Поэма заканчивается недвусмысленно: всё кончено и все мертвы. Последние строки звучат так: «Тьме не нужно было / Их помощи… она была повсюду…»
Байрон, типичный рок-н-ролльный бунтарь, родившийся за столетия до появления этого жанра, глядя в будущее, видит то, что увидел бы любой здравомыслящий атеист, — разрушение, смерть, угасание. Космосом неминуемо будет управлять логика конечности всего и вся, если только за пределами Вселенной не появится нечто сверхъестественное, которое ее обновит.
Возникает вопрос, почему мы должны считать такой сценарий столь уж мрачным? Разумеется, это конец, но никак не близкий — от него нас отделяют триллионы лет. Для астрофизиков это всего лишь краткий миг в долгом течении нашего коллективного будущего, но для всех остальных людей как индивидов и даже как биологического вида — вряд ли повод для беспокойства. В среднем каждый вид млекопитающих существует около миллиона лет, а потому маловероятно, что мы доживем до момента, когда примерно через миллиард лет усиливающийся жар Солнца сделает нашу планету необитаемой. Быть может, нас тревожит именно понимание того, что мы разделяем злой рок со Вселенной?

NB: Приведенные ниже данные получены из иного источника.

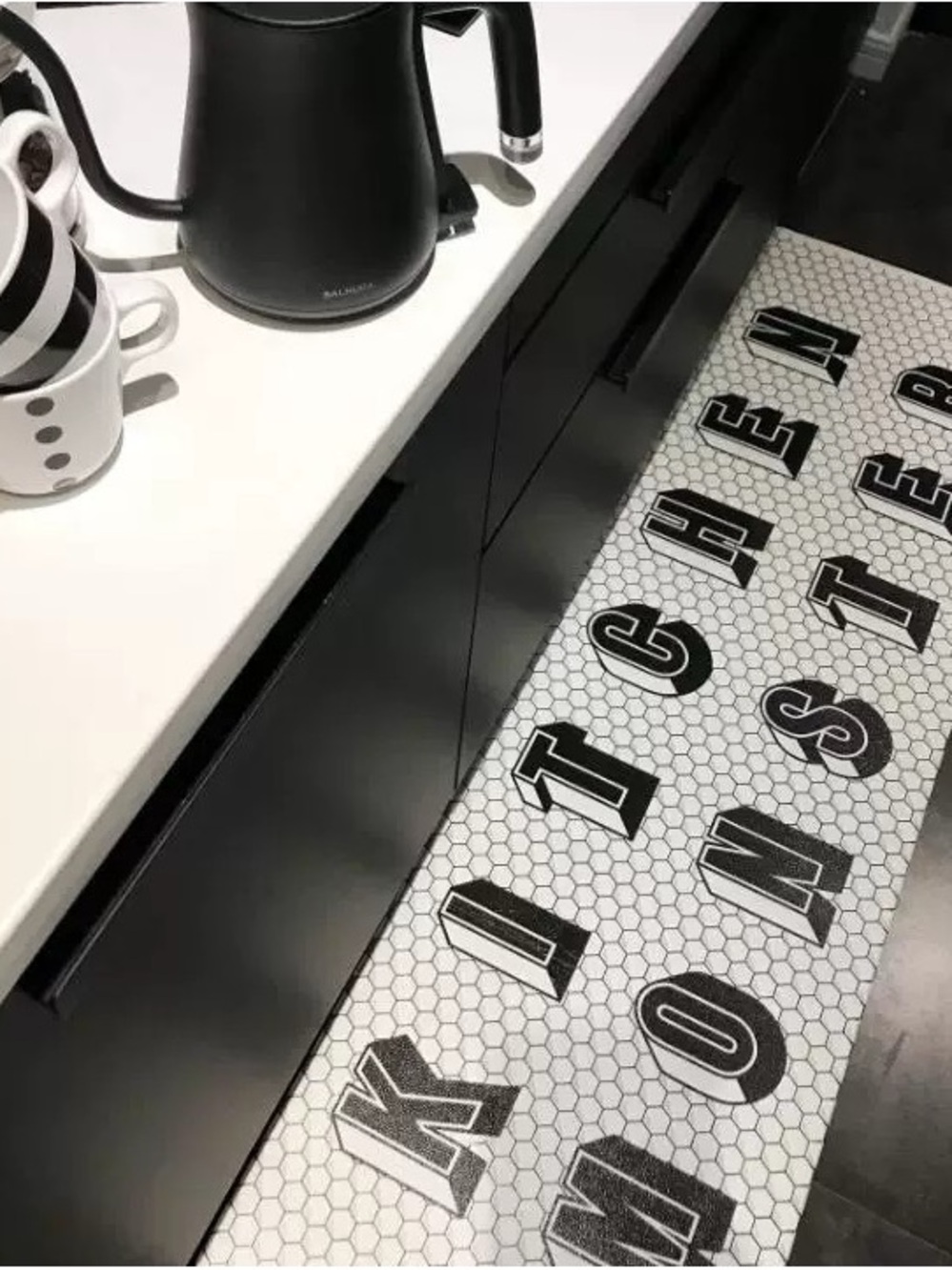 Black and White Lettered Kitchen Runner Rug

Возможно, мы были бы способны принять мысль о собственной смертности, если бы знали, что это не равно концу истории всего человечества, которое обойдется и без нас, двигаясь по пути к своей финальной цели, какова бы она ни была. Выживание человеческого рода — ключевая проблема почти всех апокалиптических сценариев. Но если наш пункт назначения неизбежно оказывается конечной остановкой, то, право, в чем же тогда смысл всего этого?
Подобный ход рассуждений может привести к довольно пессимистическому взгляду на жизнь. Среди философов, чья задача скорее вскрывать настоящее положение вещей, а не приукрашать его духоподъемными историями, распространен такой абсолютный пессимизм. Румынский мыслитель Эмиль Чоран невозмутимо взирал на подчиненный энтропии космос и бесстрастно замечал: «Когда-нибудь эта старая лачуга, которую мы называем миром, развалится. Как именно, мы не знаем, да и, в сущности, нам нет до этого дела. Поскольку ни в чем нет ничего важного, а жизнь — это вращение в пустоте, ее начало и конец не имеют значения»[90]
.Родоначальником подобного философского пессимизма был Артур Шопенгауэр, человек настолько угрюмый, что его собственная мать писала ему: «Ты возмутительный, пренесносный тип, с которым не представляется возможным жить под одной крышей. Твое самомнение перекрывает все твои достоинства, делая их совершенно бесполезными для общества просто потому, что ты не можешь сдержать свою склонность находить недостатки во всех, кроме самого себя». Шопенгауэр считал космос в целом намного более несчастным, чем счастливым, и, таким образом, на космическом уровне утверждал, что не только несуществование мира так же возможно, как и его существование, но и что первое предпочтительнее второго. Если бы Шопенгауэр был знаком с концепцией современных физиков о холодной и неподвижной стерильности, в которой закончит свои дни наша Вселенная, он, возможно, отнесся бы к ней благосклонно.